== Exercise ==
Reproduce exactly the span of lines beginning at the one with "The North Face" and ending at the last line of the data below, omitting pictures.

Top of Task input

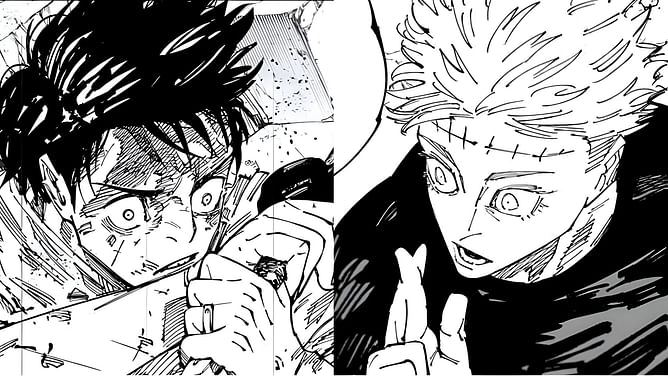 Akutami misled everyone about Yuta's survival, and Jujutsu Kaisen chapter 269 couldn't make it clearer
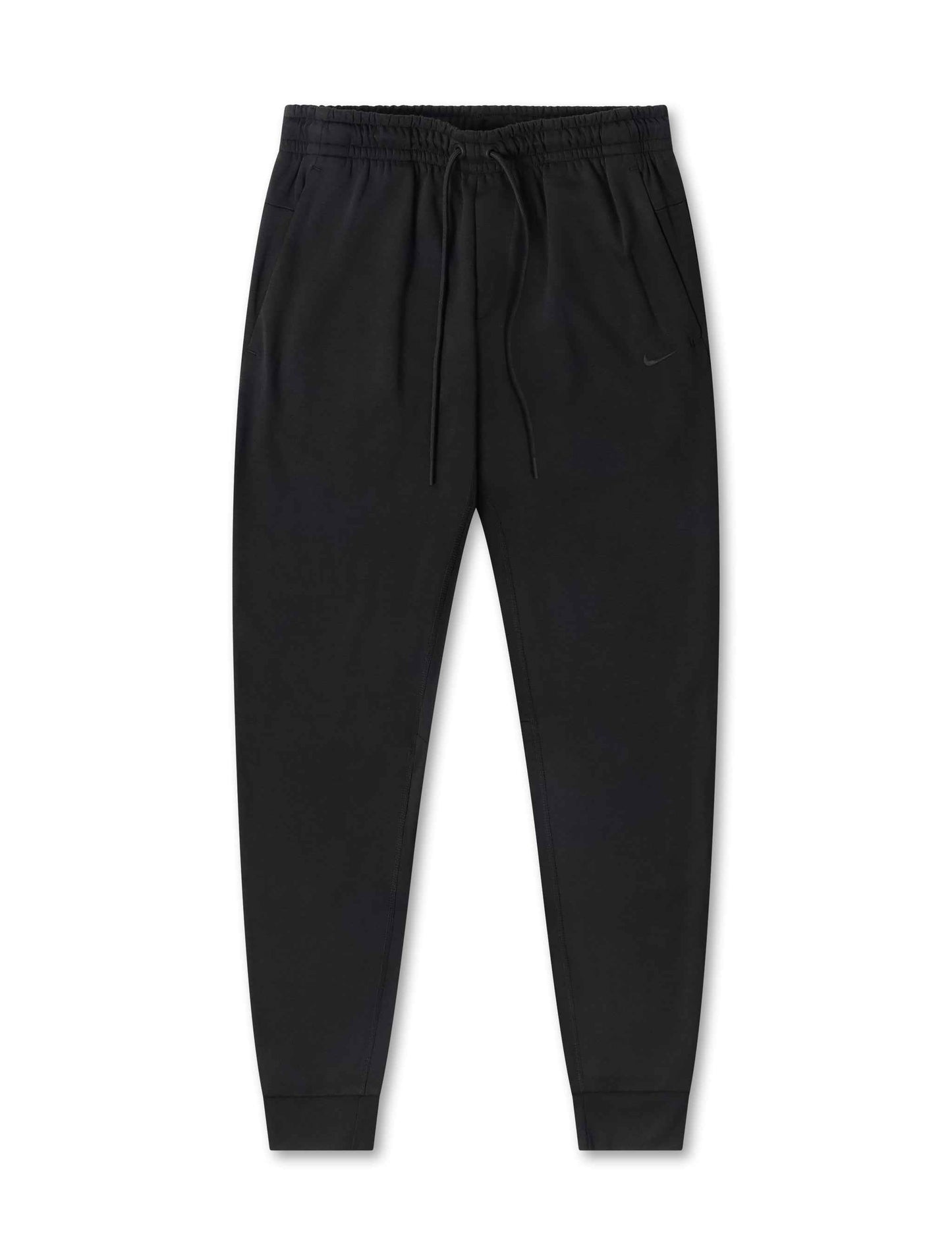 Nike Mens Primary Fleece Dri-Fit Joggers - Black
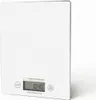 A white digital kitchen scale is shown against a white background. Náhled obrázku produktu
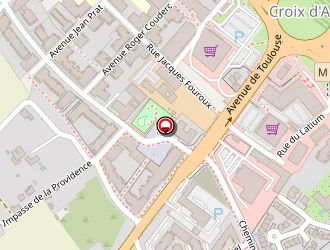 Carte de Cdiscount à Montpellier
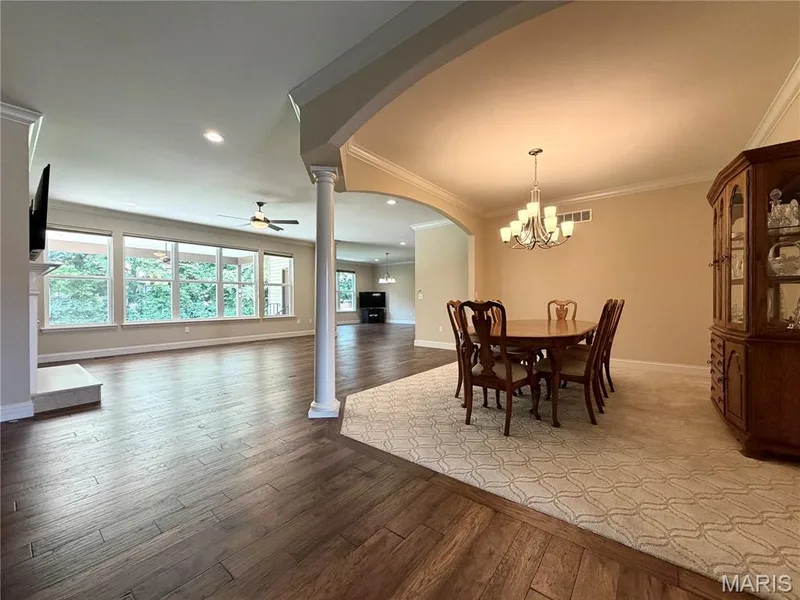 797 Wilbie Court, O'Fallon, MO 63368 — listing photo 2 of 53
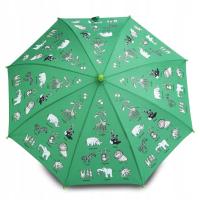 TYRRELL KATZ: DŻUNGLA - Parasol zmieniający kolory 95UM2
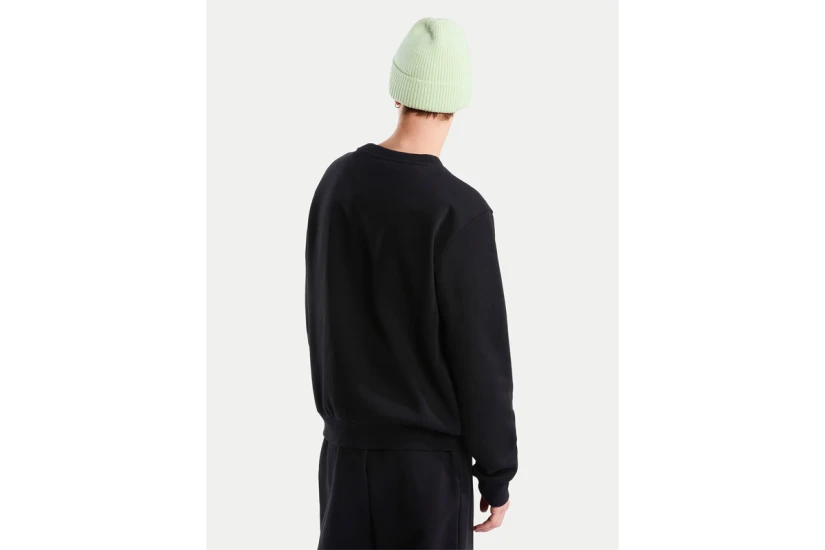 The North Face Evolution Simple Dome Μπλούζα Με Λαιμόκοψη Ανδρική (NF0A8D60JK31)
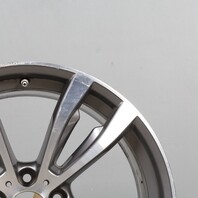 2014 BMW X5 F15 Parts BENT SOLD AS IS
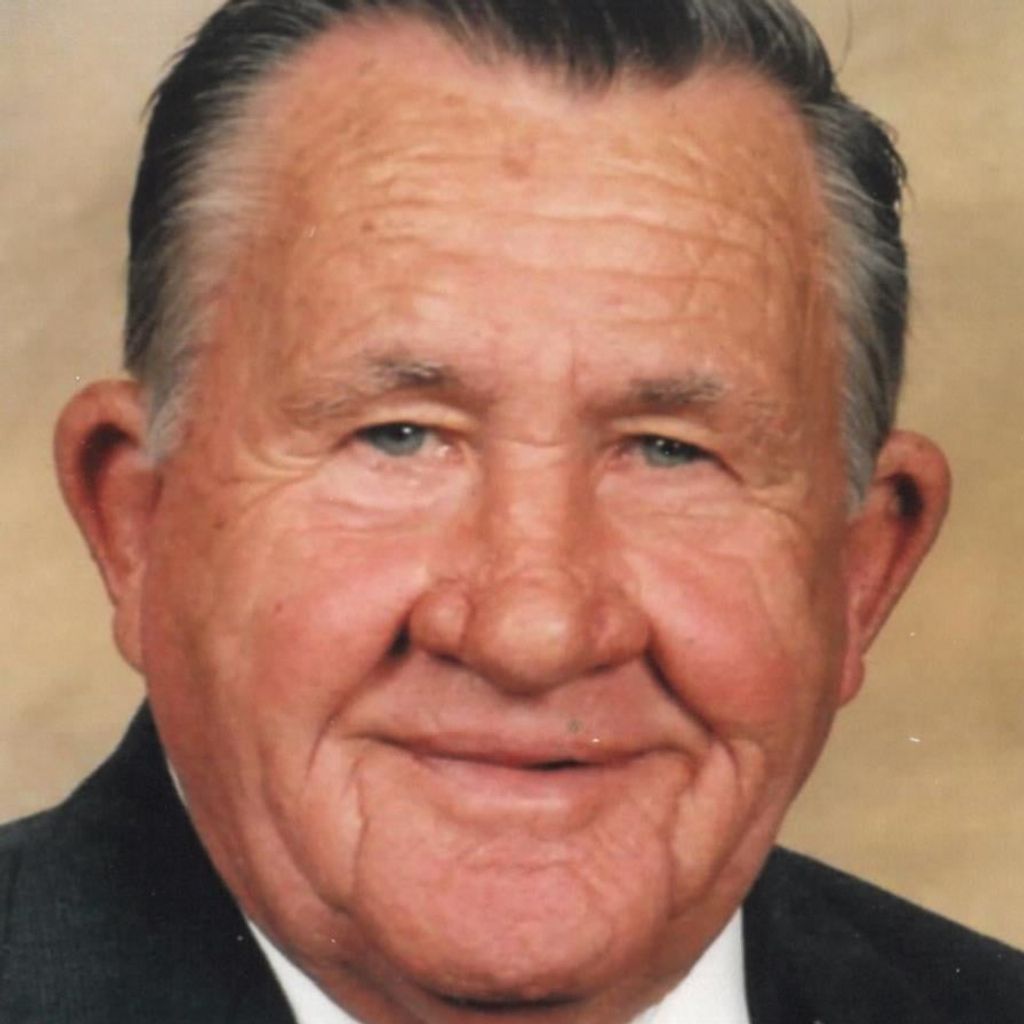 Clarence Hiram Fisher Profile Photo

Bottom of Task input

== Answer to the exercise ==
 The North Face Evolution Simple Dome Μπλούζα Με Λαιμόκοψη Ανδρική (NF0A8D60JK31)
 2014 BMW X5 F15 Parts BENT SOLD AS IS
 Clarence Hiram Fisher Profile Photo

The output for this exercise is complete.